Para los habitantes del centro de las ciudades, al menos es mi caso, hoy comienza una sesión de tortura de varios días a cuenta del carnaval. El ruido, siempre presente, se multiplica con el que producen charangas supuestamente tradicionales y los ensordecedores decibelios de actuaciones que empiezan a altas horas de la noche y acaban de madrugada, cuando ya han acabado con el sueño, el descanso y los nervios de los que forzosamente han de soportarlas.

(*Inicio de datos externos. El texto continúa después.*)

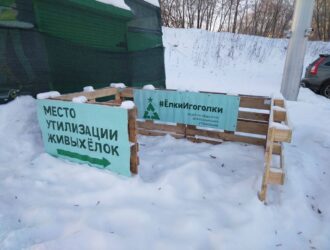 В Новокузнецке стартовала акция по сбору новогодних елей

Le he leído a Muñoz Molina, en su “Todo lo que era sólido”, el concepto “totalitarismo de las fiestas”, que es perfecto para describir el fenómeno. No sólo nos vemos sometidos a la invasión de ruido y suciedad que acompaña a las malditas fiestas -prácticamente todas subvencionadas: con mis impuestos se paga a quienes van a impedir que duerma durante días-, sino que además cualquier asomo de protesta por ese maltrato le hace merecedor al disidente del apelativo condenatorio por antonomasia: ¡eres un aguafiestas!
Yo no soy sólo una aguafiestas: reclamo que o bien se civilizan o bien se acabe con ellas. Que dejen de tomar como rehenes a todos los habitantes de una ciudad o de un barrio y especialmente que dejen de hacerlo con el dinero de todos. No sé de ningún partido político que haya exigido algo tan razonable como la regulación de los horarios de las fiestas y el fin de las subvenciones con que se las ha venido agigantando en las pasadas décadas. Me temo que no sabré de ello.
Para mayor escarnio, los municipios aprueban cada tanto estrictas regulaciones contra el ruido. Qué risa me da ver en mi barrio, festoneado de bares que cierran de madrugada y tienen a los clientes en la calle hablando a gritos, como aquí es costumbre, los carteles del ayuntamiento que advierten que esta es zona saturada de ruidos. Naturalmente, no llame nadie a la policía local, que no está para esos menesteres e ignoro si para otros. Tampoco busque nadie inspectores que comprueben que los bares están insonorizados y cumplen las largas y prolijas normas que aprueban en el consistorio. Y si es fiesta, entonces, olvídese uno de las reglas. Lo único que puede hacer, si se lo puede permitir, es marcharse.
La naturalidad con la que se han aceptado estas faltas de respeto a la privacidad, al descanso de las personas, a las normas de convivencia urbanas, a la urbanidad, como se decía antes con buen criterio, es uno de los signos del embrutecimiento en que ha caído la vida cotidiana en España. La vida cotidiana como la vida pública.